** The data **
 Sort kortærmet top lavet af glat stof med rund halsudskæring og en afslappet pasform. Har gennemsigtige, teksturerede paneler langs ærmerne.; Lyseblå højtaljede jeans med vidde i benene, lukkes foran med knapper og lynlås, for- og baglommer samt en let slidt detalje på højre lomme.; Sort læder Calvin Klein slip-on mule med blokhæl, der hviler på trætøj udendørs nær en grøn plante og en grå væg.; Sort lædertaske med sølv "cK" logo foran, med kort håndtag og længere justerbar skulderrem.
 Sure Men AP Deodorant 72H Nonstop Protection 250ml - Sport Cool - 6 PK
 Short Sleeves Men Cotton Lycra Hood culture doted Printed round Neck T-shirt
* * *
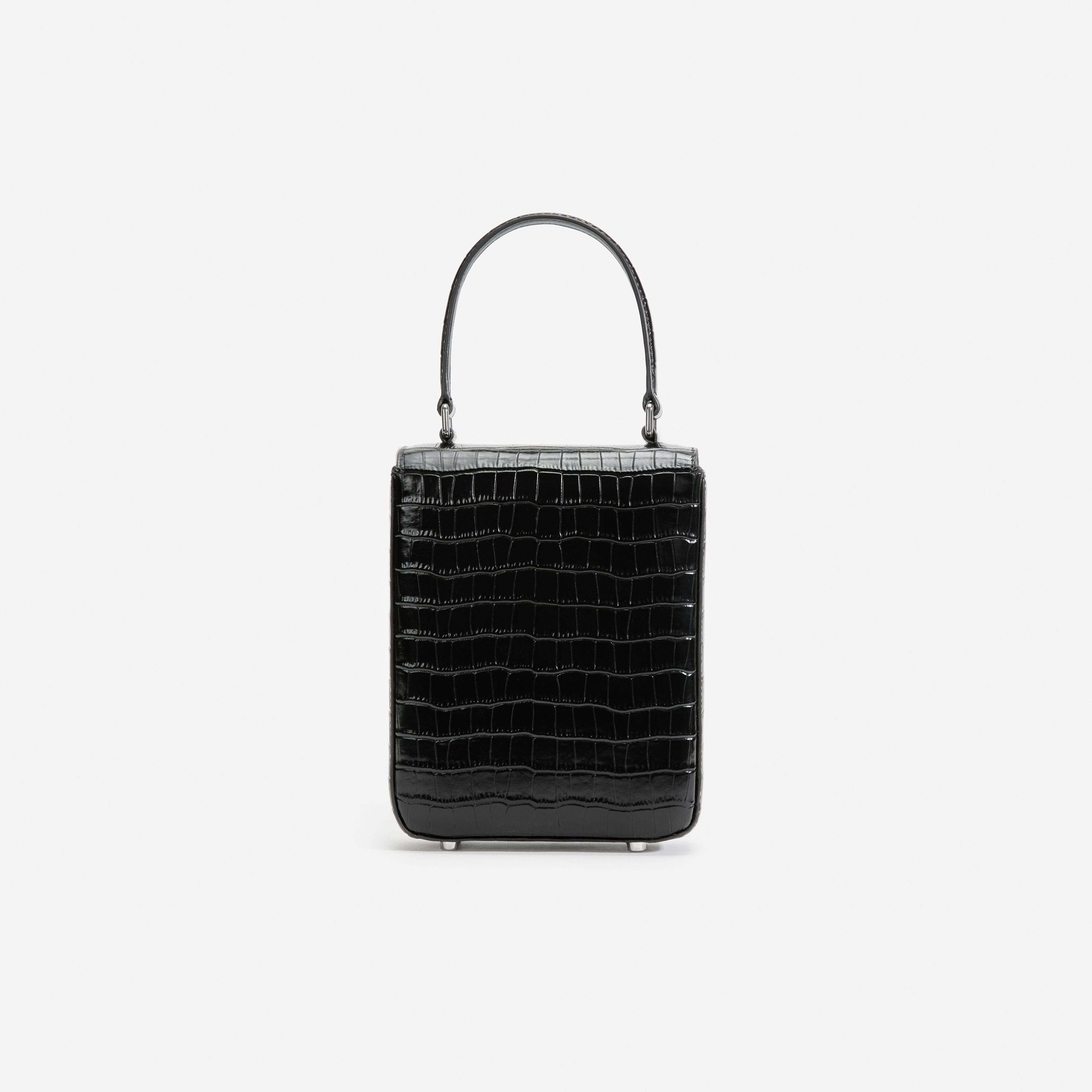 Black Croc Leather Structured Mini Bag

** Work request **
Retype exactly, and only, the lines above from the one where "Sure Men AP" occurs up to and including the one where "Short Sleeves Men" occurs.

** Reply to the exercise **
 Sure Men AP Deodorant 72H Nonstop Protection 250ml - Sport Cool - 6 PK
 Short Sleeves Men Cotton Lycra Hood culture doted Printed round Neck T-shirt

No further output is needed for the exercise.